SUPREME COURT OF INDIA
Commissioner of Sales Tax, Orissa
Vs
Crown Re-Roller Private Limited
(S. B. Sinha and Markandeya Katju, JJ)
08.03.2007
JUDGMENT
S. B. SINHA, J.
1. Leave granted.
2. Respondent herein, a company registered under the Indian Companies Act,
known as M/s. Crown Re-rolling (P) Ltd., is the owner of a Re-rolling mill. It
is a re-rolling mill manufacturing M.S. rounds and flats, out of iron and steel
scrap materials. Indisputably, the State of Orissa made an industrial policy
wherefor a resolution was adopted on 13-5-1986, pursuant whereto and in
furtherance whereof, exemption was granted from payment of sales tax on raw
materials sold to or purchased by a registered dealer and certified by the
General Manager, District Industrial Corporation to be a small scale industry
set up on or after 1-4-1986 and commencing commercial production thereafter. It
is furthermore not in dispute that by reason of a notification dated 22-12-1989,
the State Government in exercise of its powers conferred upon it under Section
8 of the Orissa Sales Tax Act, 1947, notified 'Iron
and Steel' to be taxable at the first point of sale, in a series of sale by
successive dealers, when such sale is effected by a dealer liable to pay tax
under the Act. It is also not in dispute that prior to issuance of the said
notification the taxable event was the last purchase. It has not been denied or
disputed before us that the exemption notification dated 13-5-1986 is
applicable in the case of the assessee. It is also not in dispute that the said
exemption relates to transaction of purchase or sale of raw material which go
into the composition of the finished product manufactured by the assessee in
the State.
3. Respondent had been making purchases from the Rourkela Steel Plant of the
Steel Authority of India Ltd. Admittedly, the benefit of the exemption
notification in respect of such purchases have been granted to the
respon-dent-assessee. Admittedly, Respondent had made purchases also from the
registered dealers of iron scrap. However, the problem arose in obtaining the
said exemption as on and from 1-1-1990 steel was made taxable at the first sale
point by reason of the said notification dated 22-12-1989 issued under Section
8 of the Act. The mechanism for availing of exemption was by way of statutory
declaration by the buyer/manufacturer to the taxable seller, thereby purchasing
the raw material free of tax.
4. It is furthermore not in dispute that the respondent had purchased tax paid
raw materials.
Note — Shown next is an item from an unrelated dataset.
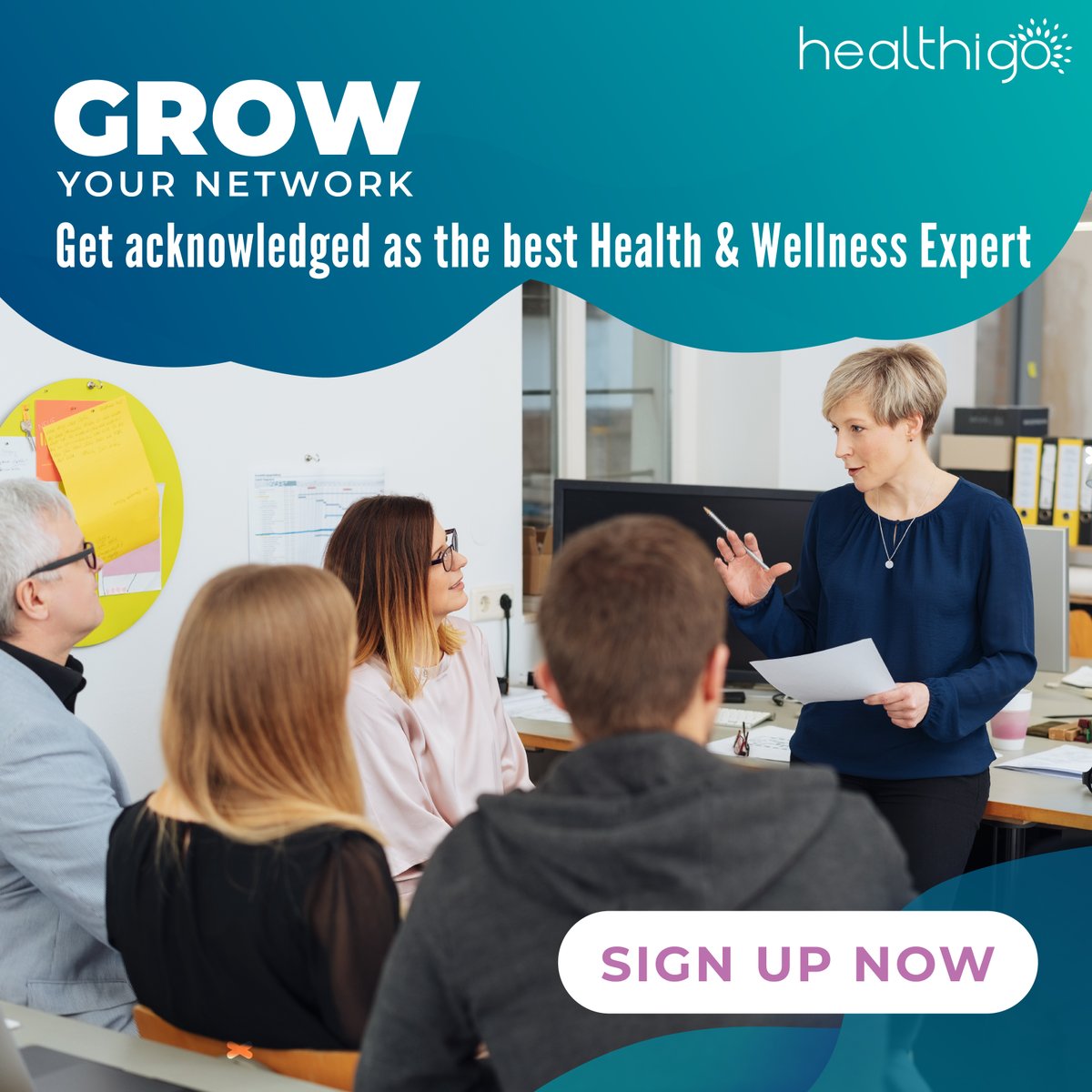 healthigo's tweet image. (2)Visit healthigo.com or write to us at marhaba@healthigo.me

#Healthigo #ArabHealth2020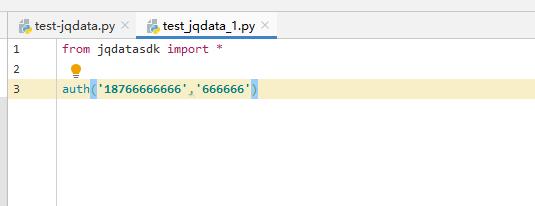 用python写股票交易系统,用python进行股票回测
He filed an application for refund of the sales tax purported to
be in terms of Section 14 of the Orissa Sales Tax Act, 1947
(for short, 'the Act) which reads as under :-
"14. Refunds –
The Commissioner shall, in the prescribed manner, refund to a dealer applying
in this behalf any amount of tax penalty or interest paid by such dealer in
excess of the amount due from him under this Act, either by cash payment or by
deduction of such excess from the amount of tax, penalty or interest due in
respect of any other period :
Provided that no claim to refund of any tax, penalty or interest paid under
this Act, shall be allowed unless it is made within twenty-four months from the
date on which the order of assessment or order imposing penalty, as the case
may be, was passed or from the date of the final order passed on appeal,
revision or reference in respect of the order earlier mentioned, whichever
period is later :
Provided further that no claim to refund of any tax, penalty or interest paid
under this Act shall be allowed in cases where there is an order for
reassessment, until the re-assessment is finalized."
5. As the said prayer of the respondent was denied, he filed a writ petition
before Orissa High Court praying inter alia for the following reliefs –
"Further direct the Opposite Party No. 5 & 6 to refund the entire
amount of Sales Tax collected from the petitioner amounting to Rs. 15 lacs
approximately pursuant to the notification vide Annexure-5."
6. The said writ petition was allowed holding :
"6. In view of the aforesaid undisputed position, since the petitioner has
already lodged representation for refund and no decision has been taken on it,
we dispose of the writ application by directing that on the petitioner filing
application in the prescribed form, opposite parties 5 and 6 without taking any
objection of limitation will consider the question of the exact amount of
refund to which the petitioner is entitled to under the Industrial Policy
Resolution, 1986 and the Finance Department Notification No. 5389 dated
13-2-1987 and communicate their decision within a period of three months of
receipt of the application in the prescribed form."
7. However, the assessing officer in its order dated 18-12-1997 upon examining
the matter opined that :-
"...Being asked whether the sellers from whom he purchased the "Iron
and Steel" are the first or subsequent sellers, Sri Agarwal expressed his
inability to say whether they were first or subsequent sellers. His only
submission was that they have purchased "tax paid" materials.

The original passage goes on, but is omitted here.